アジア時報によると、神奈川県および大阪の補選結果は2007年夏の参議院改選の民意を示すものとみられる。近年、小泉前首相を除き、日本首相の殆どが国会での選挙失敗が首相失脚のきっかけになっているといわれる。
2004年7月の参議院改選時、民主党は50議席で49議席の自民党を打ち負かした。当時の結果は、民衆が小泉政権の年金制度よびイラクへの自衛隊派遣に不満からもたらしたとみられる。
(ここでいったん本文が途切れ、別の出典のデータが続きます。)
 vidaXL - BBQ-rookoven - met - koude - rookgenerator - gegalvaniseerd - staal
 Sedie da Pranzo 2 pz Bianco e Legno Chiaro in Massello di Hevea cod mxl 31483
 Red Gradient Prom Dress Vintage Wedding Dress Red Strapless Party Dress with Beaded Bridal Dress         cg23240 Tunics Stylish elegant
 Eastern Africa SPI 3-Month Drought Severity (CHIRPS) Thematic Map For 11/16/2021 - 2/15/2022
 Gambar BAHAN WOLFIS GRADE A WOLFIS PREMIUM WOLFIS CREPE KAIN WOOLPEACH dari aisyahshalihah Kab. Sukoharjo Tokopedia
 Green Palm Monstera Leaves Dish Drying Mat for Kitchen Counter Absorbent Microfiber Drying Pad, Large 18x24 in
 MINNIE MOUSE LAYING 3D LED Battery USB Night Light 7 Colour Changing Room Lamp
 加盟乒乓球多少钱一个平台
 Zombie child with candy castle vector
今度の選挙は自民党が再び負ければ、戦後最年少の安倍首相は、指導者としての力がないと非難される可能性があることから、補選前に成績を上げたいとみられる。
アナリストらによると、内政において、首相は短期間で成績を作り上げる課題はなく、唯一の選択肢として、小泉前首相が残した日本のアジアにおける孤立した外交局面を打開することであるとし、小泉前首相が作られた枠を打ち破る機会でもあるという。これが、何故首相が8、9日に中韓両首脳と会談する本当の理由であると分析している。
安倍首相はこれまでタカ派とみられていたが、首相は2日の国会衆参両院の答弁の中で、村山前首相が1995年に発表した声明を引用し、「日本の植民支配および侵略は多くの国々に、特にアジア諸国の人々に多大な損害と苦痛を与えた」と述べ、軟化態度で訪中の機会獲得を試みた。しかし、靖国神社参拝問題において、これまでと同様に態度は明確にしていない。
また、日本のアジア外交の難局を打開するために、政府は来年の初めにインド、ベトナムと「東アジア経済協力関係協定(EPA)」の推進を進めると示唆し、インドとベトナム首脳は年内に訪日し、首相と協定についての会談が行われる予定という。
一方、中共政府にしてみれば、北京側は安倍首相の訪日に対して、譲歩したと言えよう。胡主席はこれまで「脅かされれば、それ以上に脅かし返す。すかされれば、それ以上に相手をすかす」のやり方から、胡主席にとっては、一定の政治リスクを負っているが、安倍首相が軟化態度であれば、中共側も軟化態度で応じる構えだ。しかし、日本政府の対応に、中共から見て行き過ぎた言動や行為があれば、中共側が強硬な態度で対応することも度外視できないとの見方も示されている。